Towards zero-downtime upgrades of stateful systems

vlovich123 · 2024-03-09T04:13:22 1709957602

This seems like a problem you can’t solve generically and you always end up making trade offs. The two main challenges I can think of:

* State in old system isn’t representable in new system (not a backwards compatible upgrade or more likely a bug exists in handling the new state)

* There’s state outside of the program that’s impossible to transition gracefully (e.g. dirtied IO socket where you don’t know what it’s state is & it’s a resource owned outside of your program)

* Transitioning state means there’s a possibility of failure because the program never reaches a graceful transition point to snapshot the state. So you either have to choose between running the old program forever or abandoning the graceful state transition anyway.

Distributed systems I’ve observed pick one of two strategies:

1. Using the load balancer strategy of migrating off the old version & then terminating it after some grace period.

2. Use a formal distributed state system like CockroachDB, Yuggabyte, DynamoDB, S3, etc etc.

This is probably a big reason why most programs use external storage solutions even if they’re less efficient - it centralizes maintenance of state onto a system that has well defined semantics and can handle repair transparently.

stevan · 2024-03-09T08:16:11 1709972171

> This seems like a problem you can’t solve generically and you always end up making trade offs.

That shouldn't stop us from solving the problem in the cases where it's possible though? We can tackle the corner cases separately with manual overrides.

> This is probably a big reason why most programs use external storage solutions even if they’re less efficient - it centralizes maintenance of state onto a system that has well defined semantics and can handle repair transparently.

This is certainly the case today, what I'm asking is: does it always have to be like that in the future?

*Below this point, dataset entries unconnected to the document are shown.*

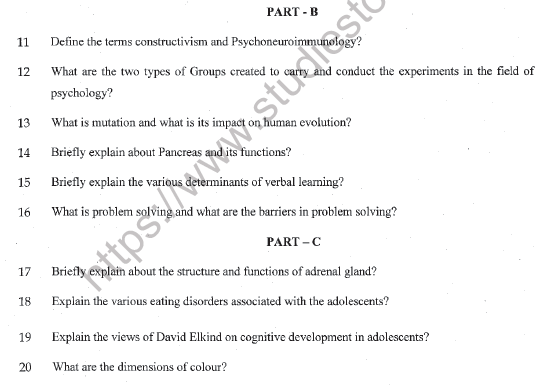 CBSE Class 11 Psychology Question Paper Set I Solved 3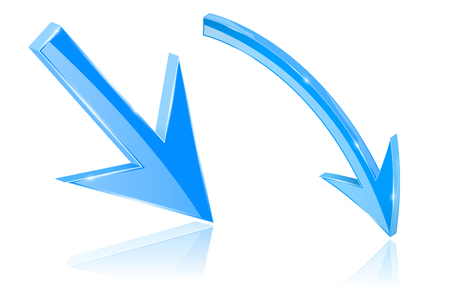 Blue down 3d arrows. Shiny bright signsのイラスト素材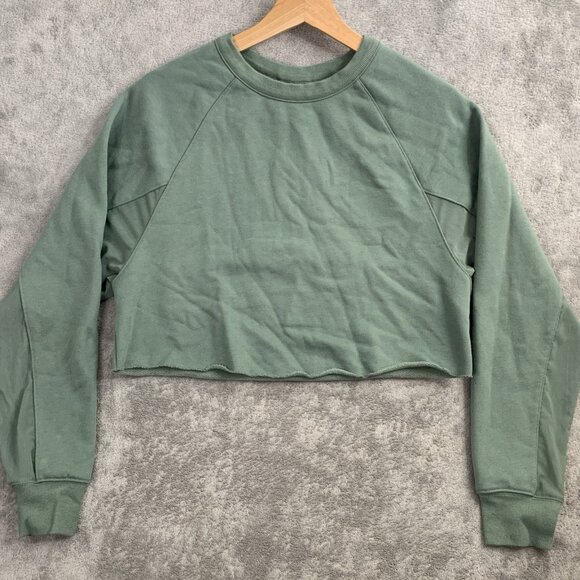 Alo Transcend Cutout Pullover Sweatshirt Womens Small Moss Green Vented Crop Gym - Picture 5 of 9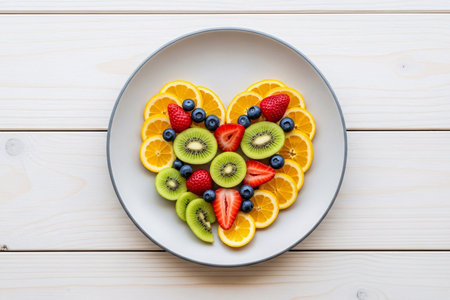 Fresh fruit heart shape on a white plate made with colorful slices of orange kiwi strawberry and berries representing healthy diet habits and nutritious breakfast ideasの素材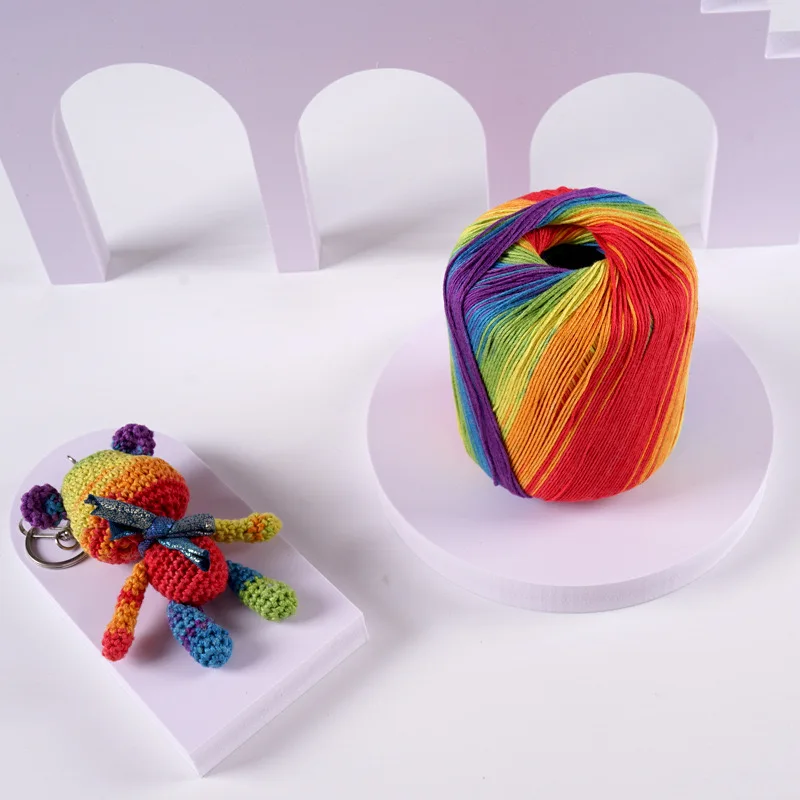 A5 (1PCS) Pearl Rainbow Lace Thread Gradient Color Doll Bouquet Crochet Cotton Carn Dyed Wool Yarn Hand Knitted Cotton Yarn Ball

vlovich123 · 2024-03-09T08:20:26 1709972426

I suspect that it’s impossible in the sense that the “possible” space will look like a distributed storage solution and the rest will look similar to graceful handoff of new connections to new version + shutdown of old version after some time (with forceful disconnect of sessions hanging around).

stevan · 2024-03-09T09:31:23 1709976683

I give two examples of a stateful upgrade in Erlang/OTP in the motivation, neither rely on distributed storage.

vlovich123 · 2024-03-09T11:02:57 1709982177

Unfortunately the documentation for Erlang doesn’t really describe any pros/cons for anything and I’m not an expert in it so I don’t know what the limitations are for the Erlang approach but they certainly must be (e.g. if you have long running sessions and do several upgrades, are you running N versions of the code & eating up RAM because the old sessions aren’t complete?).

As I understand it, Erlang/OTP captures the entire state of the program and it’s a feature of the language and VM to accomplish this. It’s not something you can retrofit into any arbitrary language. For example, your JS app or your Python app or your Rust app won’t be able to do the same easily which means it won’t be robust and it will be error prone. Thus I stand by that there’s no “generic” solution you can bolt onto an arbitrary language.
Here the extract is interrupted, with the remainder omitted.